▸ **WHAT THE TASK REQUIRES**
Please copy exactly the part of the records below that opens with the line containing "Yorbraia, Yor Briar, Black" and closes with the line containing "break (masterpiece:1.2), Highest", leaving out any pictures.

▸ **GIVEN RECORDS**
+---+
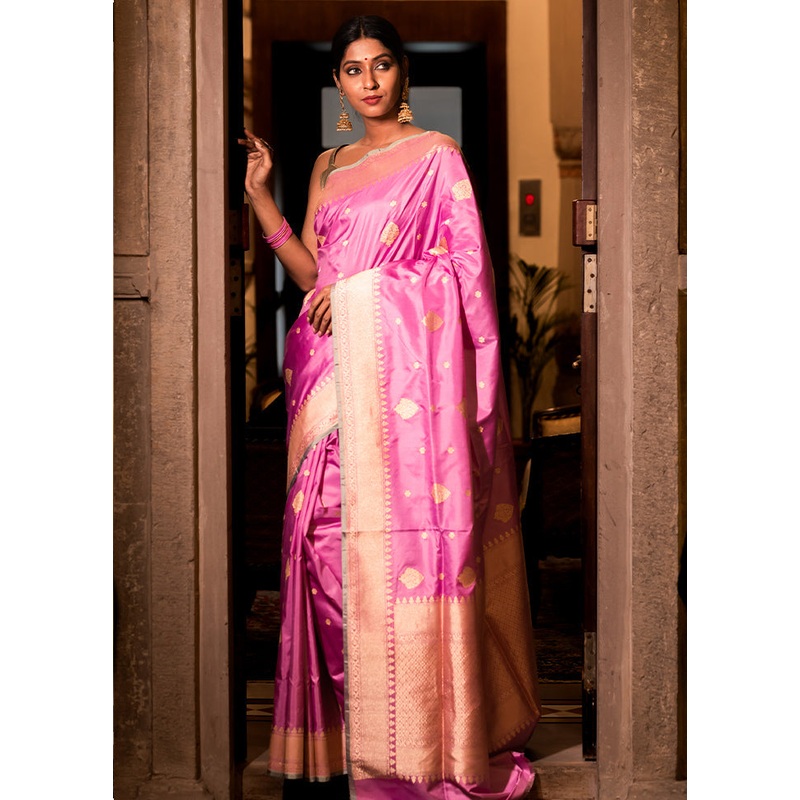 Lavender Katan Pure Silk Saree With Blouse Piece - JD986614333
+---+
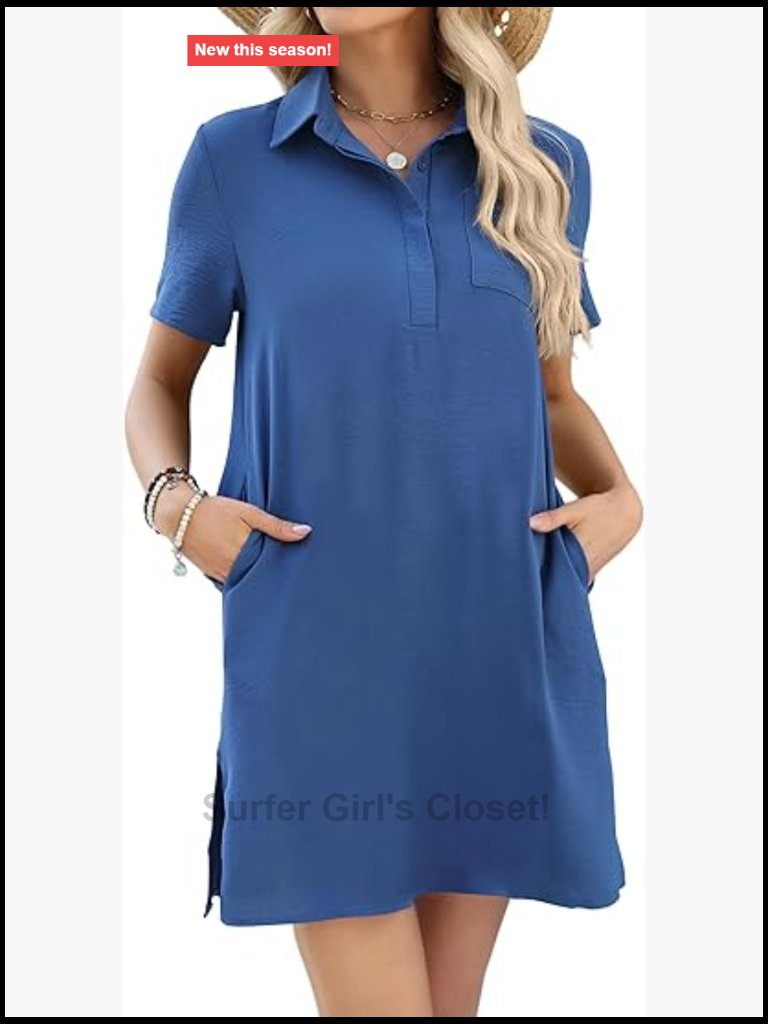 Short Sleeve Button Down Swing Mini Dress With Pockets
+---+
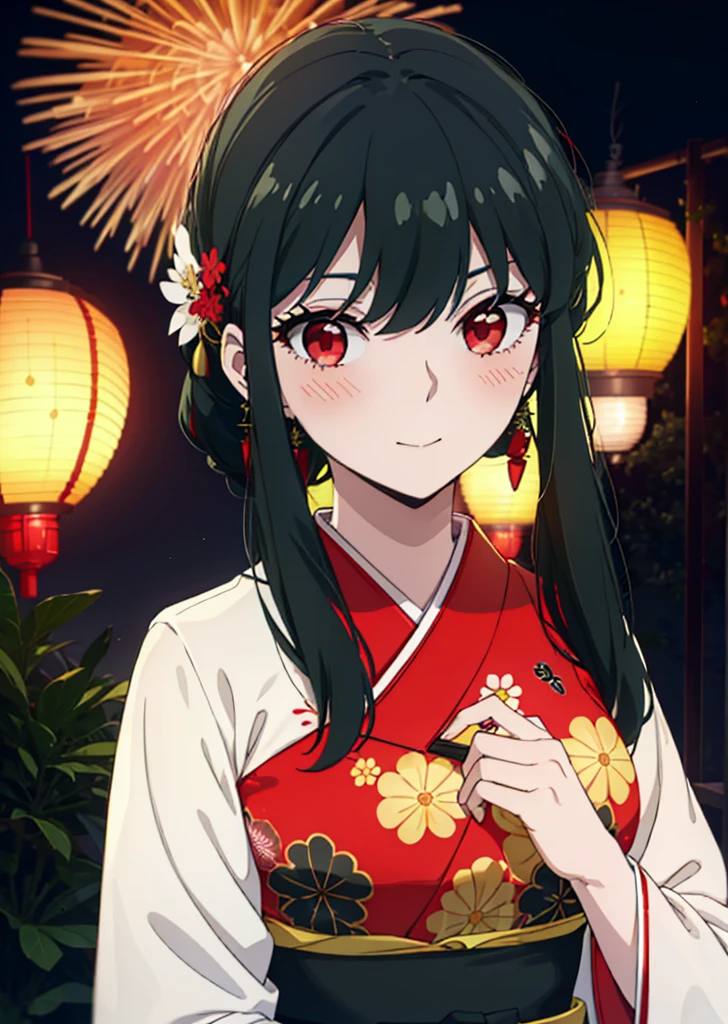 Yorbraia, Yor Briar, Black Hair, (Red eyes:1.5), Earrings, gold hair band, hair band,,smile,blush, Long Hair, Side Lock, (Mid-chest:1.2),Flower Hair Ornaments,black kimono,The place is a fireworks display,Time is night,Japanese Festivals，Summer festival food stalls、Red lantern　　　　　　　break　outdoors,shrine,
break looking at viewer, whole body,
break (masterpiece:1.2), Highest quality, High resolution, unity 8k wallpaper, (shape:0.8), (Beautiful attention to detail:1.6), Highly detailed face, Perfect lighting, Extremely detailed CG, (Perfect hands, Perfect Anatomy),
+---+
▸ **ANSWER TO THIS PROBLEM**
 Yorbraia, Yor Briar, Black Hair, (Red eyes:1.5), Earrings, gold hair band, hair band,,smile,blush, Long Hair, Side Lock, (Mid-chest:1.2),Flower Hair Ornaments,black kimono,The place is a fireworks display,Time is night,Japanese Festivals，Summer festival food stalls、Red lantern　　　　　　　break　outdoors,shrine,
break looking at viewer, whole body,
break (masterpiece:1.2), Highest quality, High resolution, unity 8k wallpaper, (shape:0.8), (Beautiful attention to detail:1.6), Highly detailed face, Perfect lighting, Extremely detailed CG, (Perfect hands, Perfect Anatomy),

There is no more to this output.